Segment Open
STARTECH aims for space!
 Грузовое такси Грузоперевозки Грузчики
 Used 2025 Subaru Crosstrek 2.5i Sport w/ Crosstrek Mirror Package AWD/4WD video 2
Segment Closed
Segment Open
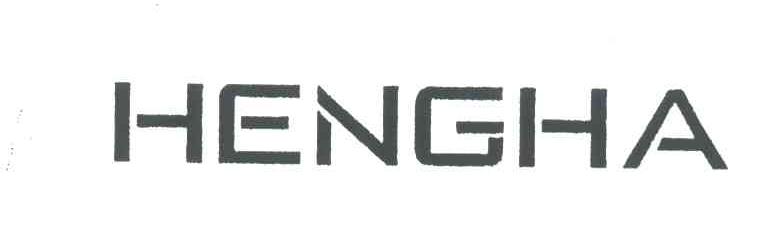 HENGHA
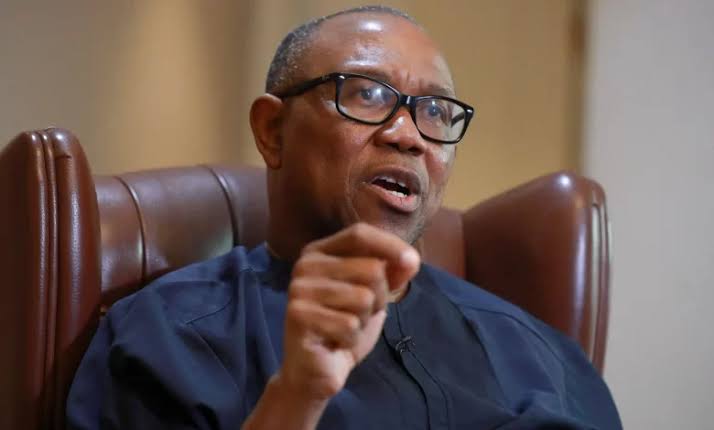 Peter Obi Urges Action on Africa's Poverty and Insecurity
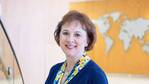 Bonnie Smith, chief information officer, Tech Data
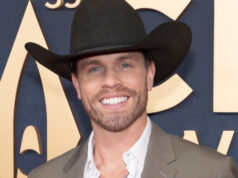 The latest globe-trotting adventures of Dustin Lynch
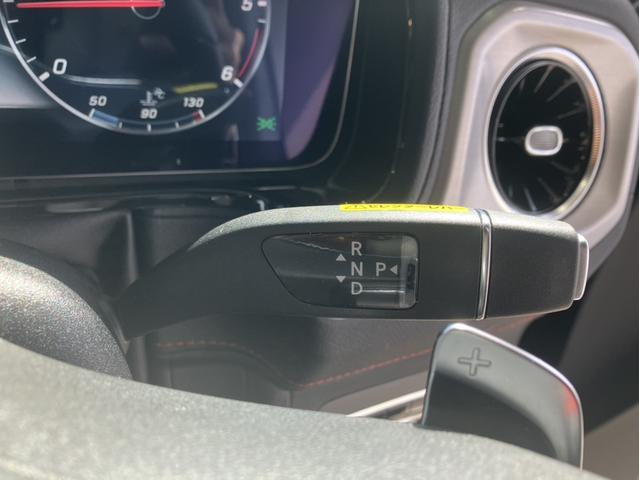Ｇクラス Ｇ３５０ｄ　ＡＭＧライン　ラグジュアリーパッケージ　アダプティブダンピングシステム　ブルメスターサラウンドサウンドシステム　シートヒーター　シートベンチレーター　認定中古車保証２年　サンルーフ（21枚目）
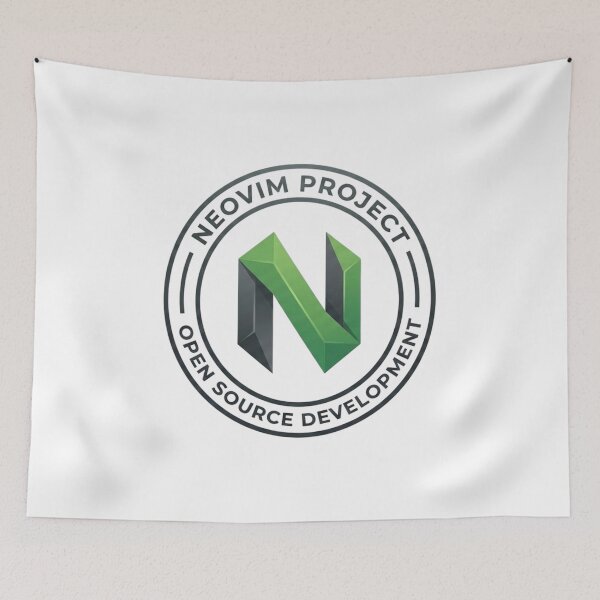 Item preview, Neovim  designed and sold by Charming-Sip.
Segment Closed
Segment Open
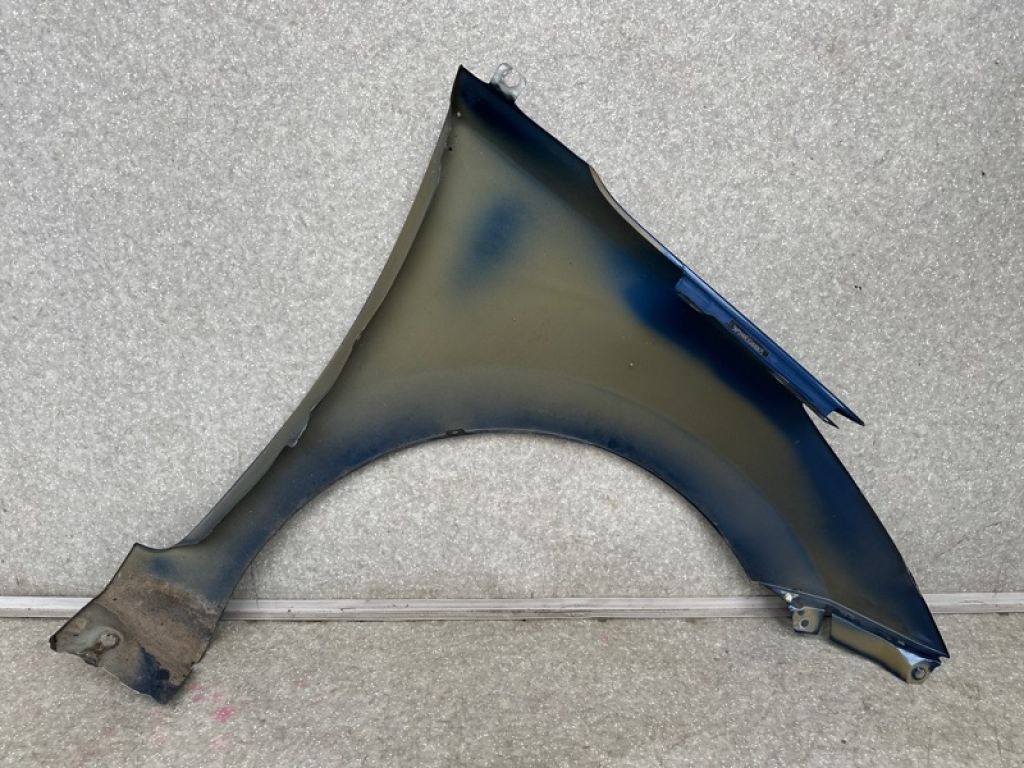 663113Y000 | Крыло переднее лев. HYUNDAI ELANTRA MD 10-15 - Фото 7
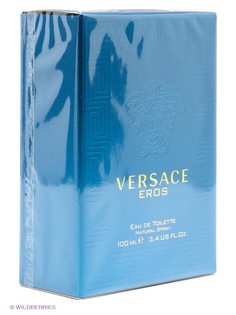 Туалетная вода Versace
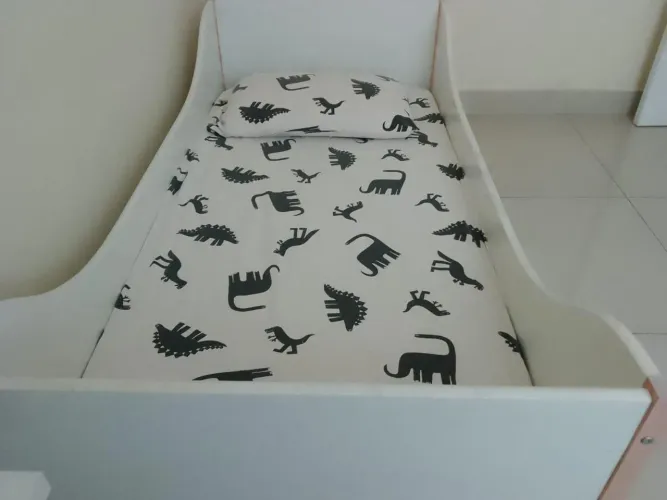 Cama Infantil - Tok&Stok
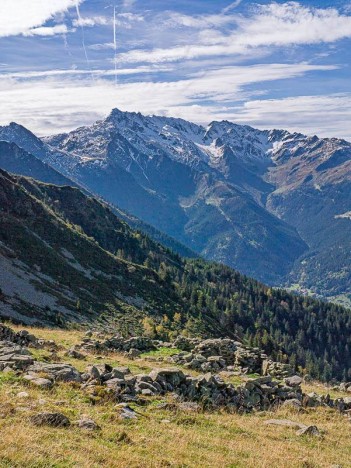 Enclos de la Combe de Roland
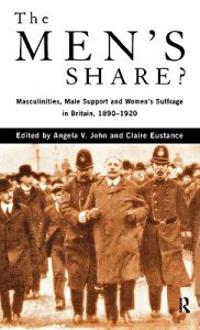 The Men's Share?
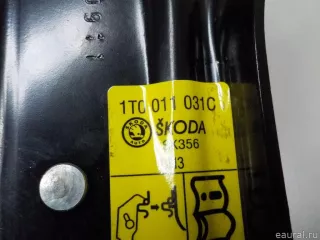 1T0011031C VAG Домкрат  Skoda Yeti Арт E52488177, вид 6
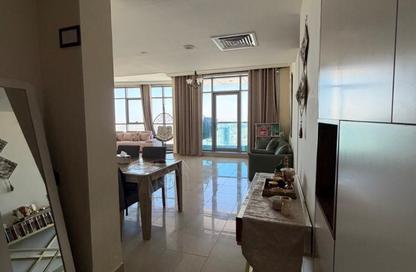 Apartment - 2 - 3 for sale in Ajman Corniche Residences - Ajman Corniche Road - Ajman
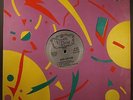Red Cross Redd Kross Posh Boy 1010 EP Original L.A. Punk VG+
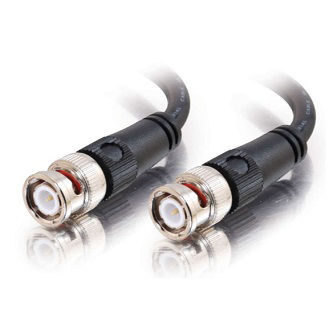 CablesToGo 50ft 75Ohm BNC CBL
Segment Closed
No picture is to be printed. Output exactly the lines above from the line containing "Ｇクラス Ｇ３５０ｄ　ＡＭＧ" through the line containing "Item preview, Neovim".

# [Written answer]
Ｇクラス Ｇ３５０ｄ　ＡＭＧライン　ラグジュアリーパッケージ　アダプティブダンピングシステム　ブルメスターサラウンドサウンドシステム　シートヒーター　シートベンチレーター　認定中古車保証２年　サンルーフ（21枚目）
 Item preview, Neovim  designed and sold by Charming-Sip.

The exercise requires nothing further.